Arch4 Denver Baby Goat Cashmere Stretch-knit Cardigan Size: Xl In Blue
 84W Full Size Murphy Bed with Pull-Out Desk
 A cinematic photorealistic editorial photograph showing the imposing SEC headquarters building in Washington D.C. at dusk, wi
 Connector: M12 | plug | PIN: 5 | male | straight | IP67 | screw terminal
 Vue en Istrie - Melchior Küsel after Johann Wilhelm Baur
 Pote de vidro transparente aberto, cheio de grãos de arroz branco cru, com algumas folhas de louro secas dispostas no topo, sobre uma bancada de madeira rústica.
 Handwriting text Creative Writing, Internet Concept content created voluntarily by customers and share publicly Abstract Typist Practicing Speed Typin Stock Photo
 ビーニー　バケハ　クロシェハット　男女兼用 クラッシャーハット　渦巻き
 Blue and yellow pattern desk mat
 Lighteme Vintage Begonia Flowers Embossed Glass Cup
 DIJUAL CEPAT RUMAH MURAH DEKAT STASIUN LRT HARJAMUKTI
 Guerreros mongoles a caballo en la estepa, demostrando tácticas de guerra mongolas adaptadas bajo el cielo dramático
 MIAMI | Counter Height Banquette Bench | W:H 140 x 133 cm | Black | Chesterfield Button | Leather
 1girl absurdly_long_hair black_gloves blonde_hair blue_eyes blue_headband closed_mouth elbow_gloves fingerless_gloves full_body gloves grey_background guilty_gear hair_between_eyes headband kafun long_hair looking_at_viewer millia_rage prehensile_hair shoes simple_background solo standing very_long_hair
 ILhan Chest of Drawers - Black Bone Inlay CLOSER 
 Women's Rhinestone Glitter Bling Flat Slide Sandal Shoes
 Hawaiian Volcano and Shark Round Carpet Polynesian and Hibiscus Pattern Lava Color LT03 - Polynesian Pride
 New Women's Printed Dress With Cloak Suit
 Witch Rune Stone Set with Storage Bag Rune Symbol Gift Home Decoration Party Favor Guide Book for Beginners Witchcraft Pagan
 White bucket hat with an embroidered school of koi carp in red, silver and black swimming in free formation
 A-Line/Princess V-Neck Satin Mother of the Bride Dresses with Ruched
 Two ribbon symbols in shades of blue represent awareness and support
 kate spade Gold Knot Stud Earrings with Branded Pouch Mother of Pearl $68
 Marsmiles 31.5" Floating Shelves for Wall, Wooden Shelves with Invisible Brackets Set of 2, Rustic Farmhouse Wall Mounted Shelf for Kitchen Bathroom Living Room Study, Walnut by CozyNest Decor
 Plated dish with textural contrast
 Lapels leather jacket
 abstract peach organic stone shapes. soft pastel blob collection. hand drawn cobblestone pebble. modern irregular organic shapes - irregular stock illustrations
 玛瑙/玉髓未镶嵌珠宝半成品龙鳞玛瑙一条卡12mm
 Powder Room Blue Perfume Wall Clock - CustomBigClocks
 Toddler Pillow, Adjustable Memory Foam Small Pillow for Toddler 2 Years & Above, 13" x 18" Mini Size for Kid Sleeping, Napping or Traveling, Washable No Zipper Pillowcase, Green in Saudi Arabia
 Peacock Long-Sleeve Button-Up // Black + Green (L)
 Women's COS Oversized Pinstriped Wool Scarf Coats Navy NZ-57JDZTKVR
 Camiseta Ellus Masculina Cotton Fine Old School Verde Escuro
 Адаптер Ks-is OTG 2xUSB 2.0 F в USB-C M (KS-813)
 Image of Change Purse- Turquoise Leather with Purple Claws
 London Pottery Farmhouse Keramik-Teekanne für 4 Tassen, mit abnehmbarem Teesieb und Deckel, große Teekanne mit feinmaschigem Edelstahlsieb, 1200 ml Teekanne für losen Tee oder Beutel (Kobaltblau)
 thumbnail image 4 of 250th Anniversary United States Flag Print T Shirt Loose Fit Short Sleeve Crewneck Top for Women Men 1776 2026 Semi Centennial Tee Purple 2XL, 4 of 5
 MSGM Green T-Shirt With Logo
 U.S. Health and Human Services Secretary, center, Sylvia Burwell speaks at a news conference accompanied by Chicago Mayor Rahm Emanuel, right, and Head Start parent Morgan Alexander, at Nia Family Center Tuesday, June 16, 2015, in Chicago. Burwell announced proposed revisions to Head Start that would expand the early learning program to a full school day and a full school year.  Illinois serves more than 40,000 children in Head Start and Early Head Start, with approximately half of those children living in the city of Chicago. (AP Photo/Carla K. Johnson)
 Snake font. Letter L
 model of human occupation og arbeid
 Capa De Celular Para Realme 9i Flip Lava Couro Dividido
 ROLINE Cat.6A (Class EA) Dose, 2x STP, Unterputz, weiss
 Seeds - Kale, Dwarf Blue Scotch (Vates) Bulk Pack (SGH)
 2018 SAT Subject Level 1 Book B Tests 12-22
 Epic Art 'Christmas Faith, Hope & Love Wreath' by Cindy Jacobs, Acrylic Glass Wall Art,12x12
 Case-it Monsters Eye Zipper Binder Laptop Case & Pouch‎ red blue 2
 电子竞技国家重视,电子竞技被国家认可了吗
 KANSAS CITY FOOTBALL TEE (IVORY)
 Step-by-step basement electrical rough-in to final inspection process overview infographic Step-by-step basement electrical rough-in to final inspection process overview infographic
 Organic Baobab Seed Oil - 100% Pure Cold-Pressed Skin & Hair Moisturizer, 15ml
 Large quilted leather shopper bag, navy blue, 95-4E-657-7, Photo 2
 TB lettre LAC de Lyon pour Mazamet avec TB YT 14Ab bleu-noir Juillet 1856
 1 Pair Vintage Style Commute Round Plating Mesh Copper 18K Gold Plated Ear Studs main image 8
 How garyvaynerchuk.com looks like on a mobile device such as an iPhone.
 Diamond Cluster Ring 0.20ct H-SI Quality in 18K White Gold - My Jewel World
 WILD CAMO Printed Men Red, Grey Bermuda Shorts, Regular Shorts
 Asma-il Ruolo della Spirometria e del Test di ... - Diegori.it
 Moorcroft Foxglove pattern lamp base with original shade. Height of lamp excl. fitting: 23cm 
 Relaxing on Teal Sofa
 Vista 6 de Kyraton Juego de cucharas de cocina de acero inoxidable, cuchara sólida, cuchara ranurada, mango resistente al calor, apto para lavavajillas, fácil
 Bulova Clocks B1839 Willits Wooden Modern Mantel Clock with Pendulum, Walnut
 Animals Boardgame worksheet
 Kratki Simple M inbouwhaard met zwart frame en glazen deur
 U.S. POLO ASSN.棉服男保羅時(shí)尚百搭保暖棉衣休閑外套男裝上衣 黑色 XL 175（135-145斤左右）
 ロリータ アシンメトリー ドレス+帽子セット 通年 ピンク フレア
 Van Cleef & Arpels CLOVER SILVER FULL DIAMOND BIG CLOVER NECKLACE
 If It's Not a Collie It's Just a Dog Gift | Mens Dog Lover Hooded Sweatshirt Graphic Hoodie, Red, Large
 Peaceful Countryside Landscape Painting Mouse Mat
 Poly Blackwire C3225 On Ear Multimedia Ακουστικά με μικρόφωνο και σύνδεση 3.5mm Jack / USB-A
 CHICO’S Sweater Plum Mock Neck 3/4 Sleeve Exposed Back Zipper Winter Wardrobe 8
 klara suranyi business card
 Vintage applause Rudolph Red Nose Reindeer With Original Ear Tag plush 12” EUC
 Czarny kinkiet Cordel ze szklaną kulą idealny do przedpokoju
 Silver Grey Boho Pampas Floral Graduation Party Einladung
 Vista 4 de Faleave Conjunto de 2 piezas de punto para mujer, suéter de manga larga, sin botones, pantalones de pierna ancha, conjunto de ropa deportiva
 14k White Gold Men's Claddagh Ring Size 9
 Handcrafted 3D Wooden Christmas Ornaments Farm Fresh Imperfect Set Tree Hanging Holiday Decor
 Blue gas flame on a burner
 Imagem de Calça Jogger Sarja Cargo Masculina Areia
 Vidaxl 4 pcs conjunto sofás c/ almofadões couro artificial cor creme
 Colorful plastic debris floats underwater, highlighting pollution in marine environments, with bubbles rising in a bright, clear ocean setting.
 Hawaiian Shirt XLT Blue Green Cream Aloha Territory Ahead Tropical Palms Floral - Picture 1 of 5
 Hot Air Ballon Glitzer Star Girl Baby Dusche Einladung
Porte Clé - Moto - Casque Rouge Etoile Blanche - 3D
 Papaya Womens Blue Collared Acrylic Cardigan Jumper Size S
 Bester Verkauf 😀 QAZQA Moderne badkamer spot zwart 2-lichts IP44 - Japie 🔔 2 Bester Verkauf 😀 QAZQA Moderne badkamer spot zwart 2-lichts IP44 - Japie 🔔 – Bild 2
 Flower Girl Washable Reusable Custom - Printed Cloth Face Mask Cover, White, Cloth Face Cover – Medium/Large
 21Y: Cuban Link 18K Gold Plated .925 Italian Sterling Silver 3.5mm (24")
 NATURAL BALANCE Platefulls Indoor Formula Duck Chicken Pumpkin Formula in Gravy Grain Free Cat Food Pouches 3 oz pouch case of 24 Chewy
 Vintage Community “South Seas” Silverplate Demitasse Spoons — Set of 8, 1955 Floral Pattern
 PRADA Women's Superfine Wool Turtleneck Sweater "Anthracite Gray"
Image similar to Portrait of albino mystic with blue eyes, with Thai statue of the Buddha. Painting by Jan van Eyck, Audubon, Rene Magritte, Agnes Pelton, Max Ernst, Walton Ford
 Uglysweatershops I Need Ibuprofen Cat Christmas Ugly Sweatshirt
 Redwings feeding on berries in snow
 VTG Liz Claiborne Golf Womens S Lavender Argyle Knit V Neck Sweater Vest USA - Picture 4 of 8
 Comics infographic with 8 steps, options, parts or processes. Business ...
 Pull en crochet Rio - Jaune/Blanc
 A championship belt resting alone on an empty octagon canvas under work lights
------------------------------------
Required action: From the records above, extract exactly and only the lines that begin at the line with "Seeds - Kale, Dwarf" and stop after the line with "Van Cleef &".

Exercise response:
 Seeds - Kale, Dwarf Blue Scotch (Vates) Bulk Pack (SGH)
 2018 SAT Subject Level 1 Book B Tests 12-22
 Epic Art 'Christmas Faith, Hope & Love Wreath' by Cindy Jacobs, Acrylic Glass Wall Art,12x12
 Case-it Monsters Eye Zipper Binder Laptop Case & Pouch‎ red blue 2
 电子竞技国家重视,电子竞技被国家认可了吗
 KANSAS CITY FOOTBALL TEE (IVORY)
 Step-by-step basement electrical rough-in to final inspection process overview infographic Step-by-step basement electrical rough-in to final inspection process overview infographic
 Organic Baobab Seed Oil - 100% Pure Cold-Pressed Skin & Hair Moisturizer, 15ml
 Large quilted leather shopper bag, navy blue, 95-4E-657-7, Photo 2
 TB lettre LAC de Lyon pour Mazamet avec TB YT 14Ab bleu-noir Juillet 1856
 1 Pair Vintage Style Commute Round Plating Mesh Copper 18K Gold Plated Ear Studs main image 8
 How garyvaynerchuk.com looks like on a mobile device such as an iPhone.
 Diamond Cluster Ring 0.20ct H-SI Quality in 18K White Gold - My Jewel World
 WILD CAMO Printed Men Red, Grey Bermuda Shorts, Regular Shorts
 Asma-il Ruolo della Spirometria e del Test di ... - Diegori.it
 Moorcroft Foxglove pattern lamp base with original shade. Height of lamp excl. fitting: 23cm 
 Relaxing on Teal Sofa
 Vista 6 de Kyraton Juego de cucharas de cocina de acero inoxidable, cuchara sólida, cuchara ranurada, mango resistente al calor, apto para lavavajillas, fácil
 Bulova Clocks B1839 Willits Wooden Modern Mantel Clock with Pendulum, Walnut
 Animals Boardgame worksheet
 Kratki Simple M inbouwhaard met zwart frame en glazen deur
 U.S. POLO ASSN.棉服男保羅時(shí)尚百搭保暖棉衣休閑外套男裝上衣 黑色 XL 175（135-145斤左右）
 ロリータ アシンメトリー ドレス+帽子セット 通年 ピンク フレア
 Van Cleef & Arpels CLOVER SILVER FULL DIAMOND BIG CLOVER NECKLACE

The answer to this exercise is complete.